On Wednesday, I was at the Québec Court of Appeal as it heard the oral arguments in the reference on the constitutionality of Justice Mainville’s appointment. The Québec government, supported by Rocco Galati (a Toronto lawyer who had originally challenged Justice Mainville’s appointment before the federal court) and the Constitutional Rights Centre Inc. (a public interest litigation outfit), argued that s. 98 of the Constitution Act, 1867, which provides that “[t]he Judges of the Courts of Quebec shall be selected from the Bar of that Province” prohibited the appointment. Although Justice Mainville had been a Québec lawyer for 33 years, he was then appointed to the Federal Court of Canada, and subsequently to the Federal Court of Appeal. This, they said, means that he is no longer “from the bar of” Québec and thus ineligible. The federal government, supported by the Canadian Association of the Provincial Court Judges and the Grand Counsil of the Crees, contended that, having been a member of the Québec bar in the past, Justice Mainville satisfied the s. 98 criterion.
This blog has already hosted something of a mini-debate on the constitutionality of Justice Mainville’s appointment, with my friend Maxime St-Hilaire arguing against it, and me arguing that the appointment is indeed constitutional. Many of the arguments heard on Wednesday echo those prof. St-Hilaire and I made in these posts. It was a long day, too, and it would not be all that useful to produce a detailed report of everything that was said. Instead, I will structure my report by talking of a few themes that were raised, more or less directly, in the argument, and also one that wasn’t, but perhaps should have been ― or at least, should feature in the Court’s thinking.
Also, in the interests of readability, I will split the report in two. In this post, I will address the issues having to do with the authorities which the Court of Appeal will need to interpret to answer the question before it. In the next post, I will take on the issues that go beyond interpretation.
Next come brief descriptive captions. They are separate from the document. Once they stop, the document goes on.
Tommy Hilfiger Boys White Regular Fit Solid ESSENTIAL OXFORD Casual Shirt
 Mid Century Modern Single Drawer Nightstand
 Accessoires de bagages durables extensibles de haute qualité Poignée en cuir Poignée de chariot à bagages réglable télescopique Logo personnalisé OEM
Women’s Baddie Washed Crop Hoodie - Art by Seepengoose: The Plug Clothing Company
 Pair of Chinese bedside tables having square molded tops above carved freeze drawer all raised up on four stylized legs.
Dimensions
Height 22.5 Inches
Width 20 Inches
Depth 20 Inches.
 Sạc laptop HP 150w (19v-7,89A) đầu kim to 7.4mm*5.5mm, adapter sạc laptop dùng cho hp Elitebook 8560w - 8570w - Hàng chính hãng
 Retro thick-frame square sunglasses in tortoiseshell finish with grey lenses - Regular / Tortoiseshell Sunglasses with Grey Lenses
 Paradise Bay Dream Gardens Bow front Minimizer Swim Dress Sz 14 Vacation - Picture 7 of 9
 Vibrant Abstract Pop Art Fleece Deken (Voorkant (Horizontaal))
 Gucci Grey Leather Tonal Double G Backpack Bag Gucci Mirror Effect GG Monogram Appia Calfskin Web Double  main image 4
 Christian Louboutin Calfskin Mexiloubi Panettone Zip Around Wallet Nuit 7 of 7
The first theme I want to talk about is constitutional interpretation. That’s a dangerous subject that fascinates constitutional law nerds (such as yours truly) too much, and which, in the United States, causes a lot of energy to be wasted on debates on which little may turn. (For a withering ― and entertaining ― criticism of the state of this debate, have a look at Richard Posner’s recent book Reflections on Judging.) In Canada, we have been largely free of this debate, at least in the courts. Charter cases, which is where most of the action in constitutional law has been for the last 30 years, barely even refer to the constitutional text. The occasional federalism cases courts decide mostly concern the development of judicial doctrines. But in the last couple of years, constitutional interpretation has come back ― in l’Affaire Nadon, 2014 SCC 21,  1 S.C.R. 433 (statutory when it started, but constitutional by the time the Supreme Court was done with it!), Reference re Senate Reform, 2014 SCC 32,  1 S.C.R. 704, and now in the Mainville reference. Unfortunately, the lack of both practice and theory means that we don’t really know what to do about it.
Although all the parties declared themselves, to various extents, proponents of purposive interpretation, those arguing against the constitutionality of Justice Mainville’s appointment favoured a rather originalist approach, as Québec had already done in the argument for the Senate Reform reference. (Indeed, Québec started its reply with the suggestion that we “go back to 1867.”) They argued that the bargain struck at confederation was absolutely and unconditionally binding, and the preoccupations that of the people who struck that bargain were the key to interpreting the text in which they enshrined it, and devoting much attention to the 92 Resolutions and to Sir Hector-Louis Langevin’s debates with Antoine-Aimé Dorion. (We might chuckle at Americans obsessing about the writings of James Madison and Alexander Hamilton, but we no longer have any right to do so, if we ever did. And at least, Madison and Hamilton are rather more inspirational figures than Langevin and Dorion.) And each of the parties denying the constitutionality of Justice Mainville’s appointment warned the Court about the danger of “living tree” constitutionalism, with Mr. Galati going so far as to say that it was inappropriate in non-Charter cases.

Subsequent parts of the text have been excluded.